Single or double wheel hoe and appropriate weeding attachments.

Seeder or seeding attachment for wheel hoe.

Automated irrigation (grass sprinklers will do, but I like drip irrigation or soaker hoses as appripriate).

More hose and Y valves for them. On this note, bigger diameter hose.

Trellis materials. Cattle panels are a bit expensive, but will last decades.

Garden tractor (ground engaging grade) and appropriate attachments. If you have this, skip the tiller. Rotary tilling is hard on the soil.

Kids that are excited to help Mommy and Daddy!




There are perhaps other items or systems that you may need to consider that are specific to your area. Talk to other gardeners, particularly try to find people that have a large garden for private use. If you have certain pest problems, there may be locally adapted procedures in place for dealing with them, or certain seed varieties to avoid or seek out. Hit up the local gardening online chat rooms and see what others are having issues with. There is no one-size-fits-all approach to a garden.

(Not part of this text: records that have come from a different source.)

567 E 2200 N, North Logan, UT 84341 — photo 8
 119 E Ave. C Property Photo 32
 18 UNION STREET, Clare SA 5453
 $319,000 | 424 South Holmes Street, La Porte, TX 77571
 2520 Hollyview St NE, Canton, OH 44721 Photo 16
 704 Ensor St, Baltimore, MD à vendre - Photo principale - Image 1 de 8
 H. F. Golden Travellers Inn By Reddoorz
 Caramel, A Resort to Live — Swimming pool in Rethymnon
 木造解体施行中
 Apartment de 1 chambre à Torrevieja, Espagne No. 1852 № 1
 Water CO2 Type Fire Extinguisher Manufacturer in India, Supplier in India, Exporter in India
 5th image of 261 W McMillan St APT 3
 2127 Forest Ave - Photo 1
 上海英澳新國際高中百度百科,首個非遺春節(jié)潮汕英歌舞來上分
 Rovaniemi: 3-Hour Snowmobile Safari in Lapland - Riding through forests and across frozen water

I am not going to name prices on any of those items here. Prices fluctuate from year to year, region to region, and what time of year you buy. You can buy clearance gardening stuff in late summer and fall and yard sales are good source as well. You can find a tiller used. You can choose to buy it all new. This is something to talk with your spouse about and decide if you have more time to hunt it down or money to invest.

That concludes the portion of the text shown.